How many options can I include in a bit mask?

In this question it was pointed out that:
Using int [for bit mask] is asking for trouble
I have been using an unsigned char to store bitmask flags, but it occurs to me that I will hit low limit since a char is only a byte, thus 8 bits, thus only 8 options in my mask?
enum options{
k1=1<<0,
k2=1<<1,
.... through to k8
}
unsigned char myOption=k2;
Do I simply need to make myOption an int or some other type for example if I wish it to store more than 8 possible options (and combinations of options, of course, hence why I am using the bit mask in the first place)? What's the best type?

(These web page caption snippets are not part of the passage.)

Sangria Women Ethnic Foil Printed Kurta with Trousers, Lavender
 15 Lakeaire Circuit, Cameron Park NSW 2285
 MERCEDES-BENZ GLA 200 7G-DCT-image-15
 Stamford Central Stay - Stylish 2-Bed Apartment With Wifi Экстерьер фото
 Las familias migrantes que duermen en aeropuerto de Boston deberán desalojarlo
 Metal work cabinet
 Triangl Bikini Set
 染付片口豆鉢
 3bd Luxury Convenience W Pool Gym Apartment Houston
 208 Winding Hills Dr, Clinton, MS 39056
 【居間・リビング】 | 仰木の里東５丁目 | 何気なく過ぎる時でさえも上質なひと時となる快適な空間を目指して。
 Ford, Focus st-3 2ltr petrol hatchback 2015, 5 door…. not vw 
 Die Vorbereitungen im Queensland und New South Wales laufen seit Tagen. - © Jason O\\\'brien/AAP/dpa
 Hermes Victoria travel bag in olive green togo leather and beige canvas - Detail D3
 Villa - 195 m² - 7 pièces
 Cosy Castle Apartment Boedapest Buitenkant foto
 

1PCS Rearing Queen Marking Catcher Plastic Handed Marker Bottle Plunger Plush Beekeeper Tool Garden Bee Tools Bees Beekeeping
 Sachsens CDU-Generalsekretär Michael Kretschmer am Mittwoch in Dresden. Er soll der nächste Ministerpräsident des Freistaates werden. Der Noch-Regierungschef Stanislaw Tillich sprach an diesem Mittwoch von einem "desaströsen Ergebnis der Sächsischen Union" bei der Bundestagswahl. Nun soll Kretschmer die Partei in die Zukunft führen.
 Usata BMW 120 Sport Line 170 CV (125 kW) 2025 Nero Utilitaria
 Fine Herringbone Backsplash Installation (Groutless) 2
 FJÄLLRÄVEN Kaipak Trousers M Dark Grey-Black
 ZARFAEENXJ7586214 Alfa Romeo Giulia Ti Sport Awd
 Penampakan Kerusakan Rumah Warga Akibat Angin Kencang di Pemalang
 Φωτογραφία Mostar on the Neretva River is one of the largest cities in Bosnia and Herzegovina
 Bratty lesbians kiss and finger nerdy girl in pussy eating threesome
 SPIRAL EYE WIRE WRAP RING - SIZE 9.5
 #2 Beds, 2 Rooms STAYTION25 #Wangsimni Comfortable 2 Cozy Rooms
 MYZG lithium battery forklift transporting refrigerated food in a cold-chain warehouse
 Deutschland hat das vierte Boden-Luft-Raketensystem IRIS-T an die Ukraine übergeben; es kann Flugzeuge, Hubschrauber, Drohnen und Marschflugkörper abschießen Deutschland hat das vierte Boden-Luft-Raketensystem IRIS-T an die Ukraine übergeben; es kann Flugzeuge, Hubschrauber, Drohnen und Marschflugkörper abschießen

If you need an unknown number of 'bits' you could use something like the std::vector<bool> class, see here:
http://www.cplusplus.com/reference/vector/vector-bool/
This is a specialization of the vector class which can pack the bool values using bits, so it is more space efficient than an array of bools (whether you need that extra efficiency is up to you).
Of course I don't know what your application is, there are many valid reasons for using bitfields. If you are simply storing a bunch of true and false values though, something like an array of bools or this vector of bools might be more easily maintained (it has downsides though of course, you can't test to see if say 3 bits are all set in one operation as you can with masking and bitfields, so it is application specific).
vector<bool> is somewhat controversial though, I think. See: http://howardhinnant.github.io/onvectorbool.html
#include <stdint.h>
This defines types with fixed sizes that are not compiler specific.
int16_t = 16 bits
uint16_t = 16 bits unsigned
int32_t = 32 bits
If you need more than 64 flags you should consider the ::std::vector<> as Wayne Uroda suggested.